Special shareholder incentives created for questionable reasons
Kyokuto established a special shareholder incentive in 2019. There are many companies that have introduced a special shareholder incentive program. If the intent, through the free distribution of its own products or services, is to increase brand loyalty of company and to contribute to business results, this may not be an issue.
However, it is an issue if the company distributes cash vouchers such as a Quo Card as a special incentive for shareholders. This is because distribution of such cards (1) causes the decline of management discipline due to an increase in the number of obedient and undemanding shareholders, and (2) can be seen as a violation of the principle of shareholder equality because such vouchers are essentially a cash dividend. (Click here)
In particular, Kyokuto explained that the reason for establishing the special shareholder incentive was because Kyokuto was on the verge of not being able to meet the former listing criteria of TSE 1st section that required more than “2,000 shareholders”.

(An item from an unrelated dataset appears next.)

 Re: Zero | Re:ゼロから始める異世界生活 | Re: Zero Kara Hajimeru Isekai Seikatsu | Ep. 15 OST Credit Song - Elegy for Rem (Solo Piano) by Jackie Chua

In the first place, what causes the decrease in shareholders is that the Company’s stock lacks attractiveness as an investment target. Trying to maintain the formal listing standard by handing out Quo Cards is not a proper business judgement and cannot be overlooked as the largest shareholder.
Also, according to TSE’s “Outline of the New Market Segments” , the listing requirement for the “Prime market”, which is the successor to TSE 1st section, is 800 shareholders instead of 2,000. Therefore, the original rationale for establishing the special shareholder incentive is no longer relevant.